26.      In our view, the frauds involving the local resident were more serious for all of the reasons set out above, and we determined that 10 years was the appropriate starting point.

27.      Taking count 2 (we considered counts 2 and 4 to be of equal seriousness) we deducted one third from the starting point of 10 years to take into account the defendant’s guilty plea, reducing the sentence to 6 years and 8 months.  We then further reduced the sentence to 5 years 7 months, to take into account the delay and the other mitigation available to the defendant.

28.      In relation to the French resident (count 14), we took a starting point of 6 years, reduced by one third for the defendant’s guilty plea to 4 years.  We then deducted 9 months for the delay and other mitigation available to the defendant, bringing the sentence down to 3 years and 3 months, but we then reduced that by a further 1 year 3 months, to take into account the assistance he gave the prosecution in the case against Mr Coombs, leading to a total of 2 years’ imprisonment.

29.      Finally, in relation to the local resident, (count 15), we again took a starting point of 6 years and reduced that by one third to take into account the defendant’s guilty plea, and a further 9 months to take into account the delay and other mitigation available to the defendant, resulting in a total sentence of 3 years and 3 months.

30.      Taking the sentences in respect of each of the three frauds consecutively would have resulted in a sentence of 10 years and 10 months, which applying the totality principle, we regarded as too high.  In the judgment of the Court, the appropriate total sentence, to reflect all of the criminality here and all of the mitigation available to the defendant, was 7 years.

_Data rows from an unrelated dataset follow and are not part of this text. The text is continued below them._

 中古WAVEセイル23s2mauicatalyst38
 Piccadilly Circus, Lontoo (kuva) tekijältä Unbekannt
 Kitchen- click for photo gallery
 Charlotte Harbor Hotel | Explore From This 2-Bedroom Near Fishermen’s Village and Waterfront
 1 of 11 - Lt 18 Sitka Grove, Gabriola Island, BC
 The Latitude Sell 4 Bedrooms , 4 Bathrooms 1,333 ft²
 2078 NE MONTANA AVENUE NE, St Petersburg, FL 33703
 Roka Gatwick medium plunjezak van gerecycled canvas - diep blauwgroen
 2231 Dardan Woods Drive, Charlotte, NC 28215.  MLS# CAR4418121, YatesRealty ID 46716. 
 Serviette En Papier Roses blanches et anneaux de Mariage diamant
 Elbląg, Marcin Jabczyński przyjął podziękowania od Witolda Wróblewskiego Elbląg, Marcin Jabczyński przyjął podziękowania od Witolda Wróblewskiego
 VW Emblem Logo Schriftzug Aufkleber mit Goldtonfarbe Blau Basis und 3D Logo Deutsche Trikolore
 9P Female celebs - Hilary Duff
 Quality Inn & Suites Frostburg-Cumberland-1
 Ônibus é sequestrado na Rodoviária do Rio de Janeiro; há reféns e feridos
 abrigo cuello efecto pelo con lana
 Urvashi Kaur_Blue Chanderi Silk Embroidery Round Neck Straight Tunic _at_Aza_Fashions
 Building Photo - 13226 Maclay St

31.      There were a number of ways in which the individual sentences could be adjusted to arrive at 7 years and we determined to achieve that by reducing the sentence for count 2 to 5 years, and by making count 15 concurrent.

32.      As a consequence, the defendant was sentenced as follows:-

Count 2 – 5 years’ imprisonment

Count 4 – 5 years’ imprisonment (concurrent)

Count 7 – 4 years’ imprisonment (concurrent)

Count 11 – 3 years’ imprisonment (concurrent)

Count 14 – 2 years’ imprisonment (consecutive)

Count 15 – 3 years 3 months’ imprisonment (concurrent)

Count 16 – 3 years’ imprisonment (concurrent)

Count 17 – 3 years’ imprisonment (concurrent)

Count 18 – 3 years’ imprisonment (concurrent)

Count 19 – 3 years’ imprisonment (concurrent)

Total sentence: 7 years’ imprisonment.

33.      Finally, the defendant was disqualified from participation in corporate management or directorship for a period of 12 years, pursuant to Article 78(1)(a), (b) and (c) of the Companies (Jersey) Law 1991 as amended.  Issues in relation to compensation and confiscation under the Proceeds of Crime (Jersey) Law 1991 were left over for a date to be fixed. 

Authorities

Whelan on Aspects of Sentencing in the Superior Court of Jersey. 

AG v Bryce Richards [2005] JRC 138A. 

AG v Morgan [2006] JRC 176. 

AG v Smith [2011] JRC 175. 

R v Higgs (1986) 8 Cr. App. R. (S.) 440. 

AG v Lewis, Christmas and others [2012] JRC 177. 

AG v Garraway [2014] JRC 120. 

AG v Hanley 1993/134. 

R v Barrick (1985) 81 Cr. App. R. (S.) 78. 

AG v Speck [2004] JRC 100. 

Valler v AG [2002] JLR 383. 

Attorney General v Simon [2018] JRC 076A. 

Companies (Jersey) Law 1991 as amended. 

Proceeds of Crime (Jersey) Law 1991.